29. In cases real estate lease agreements where the companies referred in the subparagraph 19 of the Article who act as the tenant have been converted in Turkish Lira between September 13, 2018 and November 16, 2018, should they be re-arranged in foreign currency within the scope of new exemption?

As is known, in accordance with the legislation in force in the period between September 13, 2018 and November 16, 2018 there was requirement for the real estate leasing to be converted into Turkish Lira. In the aforementioned period, if the real estate lease agreement has been converted into Turkish currency, it is not possible to demand the value of the agreement in foreign currency which has been converted into Turkish currency previously on the grounds of consent of the lessor has been accepted an exemption after November 16, 2018. The reason is that the parties within the scope of exemptions don’t have to arrange the agreement price in terms of foreign currency or be indexed to a foreign currency. In accordance with the aforementioned provision, the agreement price which was previously converted into Turkish Lira can be determined in a foreign currency or be indexed to a foreign currency in case of the parties are in agreement. However, the lease agreements of immovable property concluded before September 13, 2018 are also included in the exemption; it is necessary to analyze whether the price determined in foreign currency regarding real estate lease agreement is converted into Turkish Lira between September 13, 2018 and November 16, 2018. If it is converted, it is possible to determine the price again in foreign currency only if the other party of the agreement is agreed. However, if it is not converted into Turkish Lira between September 13, 2018 and November 16, 2018, it is not required to be converted Turkish Lira in accordance with subparagraph 24 of Article 8 of the Communique since it is included in the scope of exemption on November 16, 2018.

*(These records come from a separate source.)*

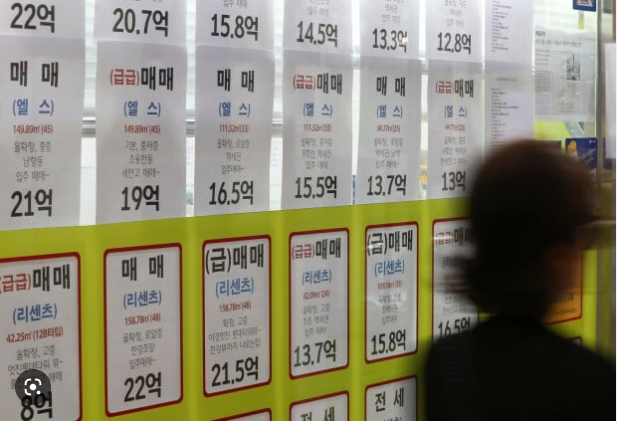 ▲최근들어 서울 아파트 실거래가지수가 연간 20% 넘게 떨어진 것은 2006년 조사 이래 처음으로 글로벌 경제위기가 터진 2008년~10.21%를 뛰어넘는 사상 최대 하락이다. 지난 16일 오전 서울시내 부동산 앞의 모습이다. <사진=SNS>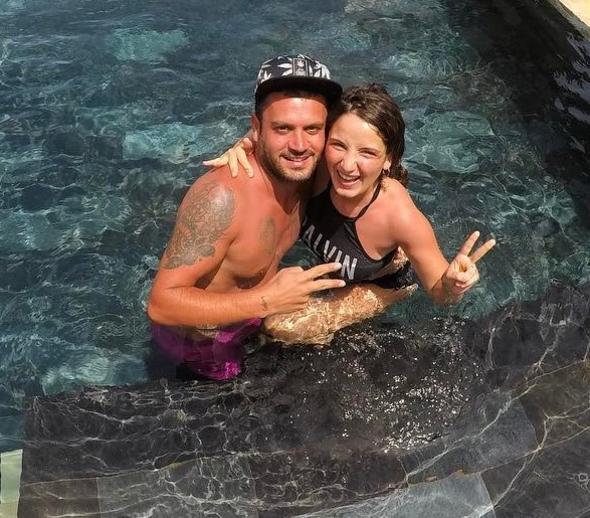 ocuklar tek tek kamera nne geiyor anlatyorlar ben de onlar izliyorum. ocuklar &#8216;piyano alyorum, bale eitimi aldm&#8217; dediler.  Ben de kendimi dndm &#8216;piyano alamyorum, bale eitimim yok ama olsun falan&#8217; dedim. Sra bana geldi. &#8216;Gke ben, ok istiyorum, saa dndm sola dndm&#8217; &#8216;tamam&#8217; dediler.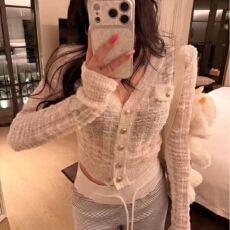 批发有货 2026春季新款<b class='q'>韩版</b>气质修身显瘦排扣短款长袖针织衫女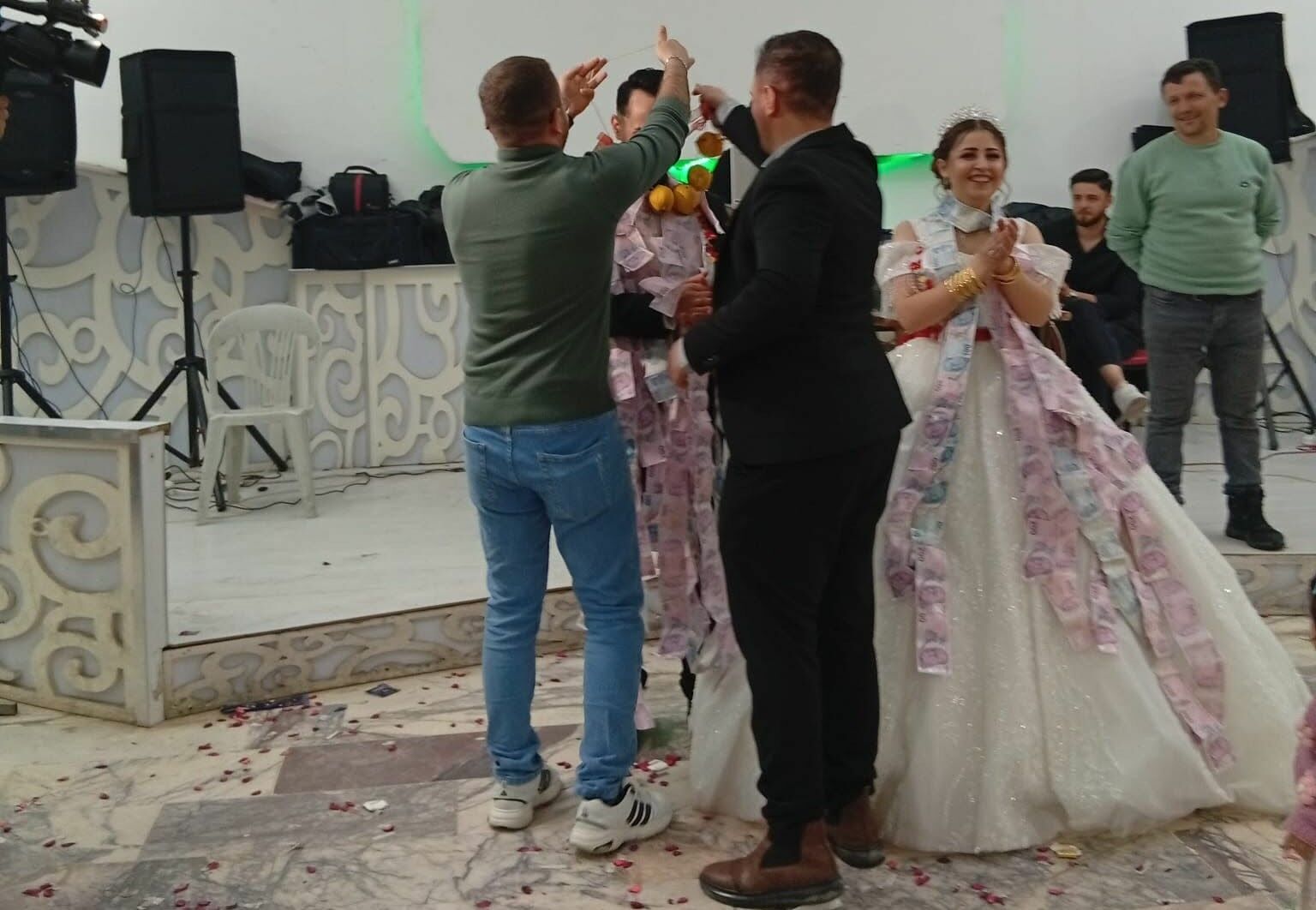 Arkadaşlarından Damada 'Beşi Bir Yerde Ayva' (4)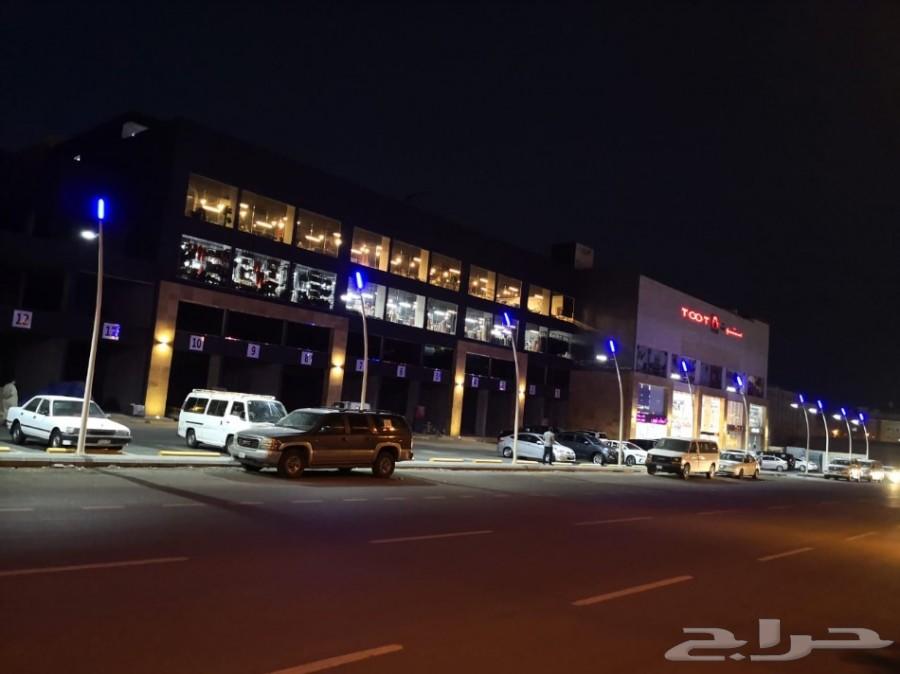 مركز ومحلات تجارية للايجار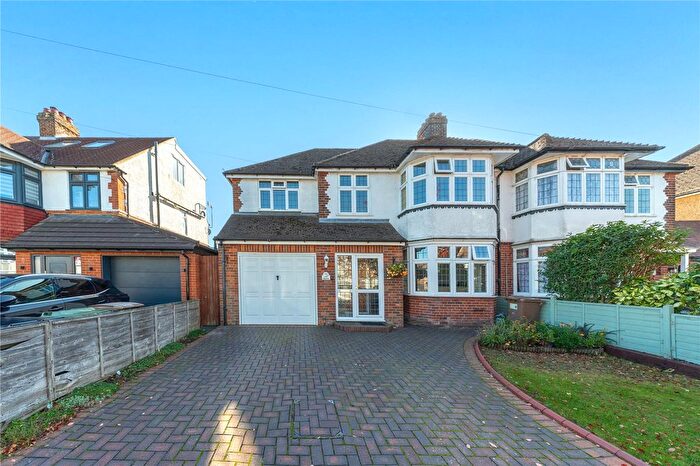 4 Bedroom Semi-detached House For Sale In St. Martins Avenue, Luton, Bedfordshire, LU2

30. Is it possible for the first landlord to demand lease amount from the broker company in terms of foreign currency or be indexed to foreign currency in the following case; there is a resident company in turkey (first landlord) which rent outs the immovable property to another Turkish resident broker company and such broker company rent outs the same immovable property to another company (final tenant) which is owned by non-residents by holding directly or indirectly fifty percent or more of the shares.

 The agreement prices and other contractual financial obligations in sales agreement of immovable properties located in Turkey including residences and roofed workplaces executed between Turkish residents cannot be determined in foreign currency or be indexed to foreign currency. Therefore, it is not possible to determine such lease agreement conducted between first landlord (resident in Turkey) and broker company (resident in Turkey) in foreign currency or be indexed to a foreign currency.

 31. Is it possible to determine the agreement prices in foreign currency or be indexed to a foreign currency in warehouse lease agreements executed between Turkish residents?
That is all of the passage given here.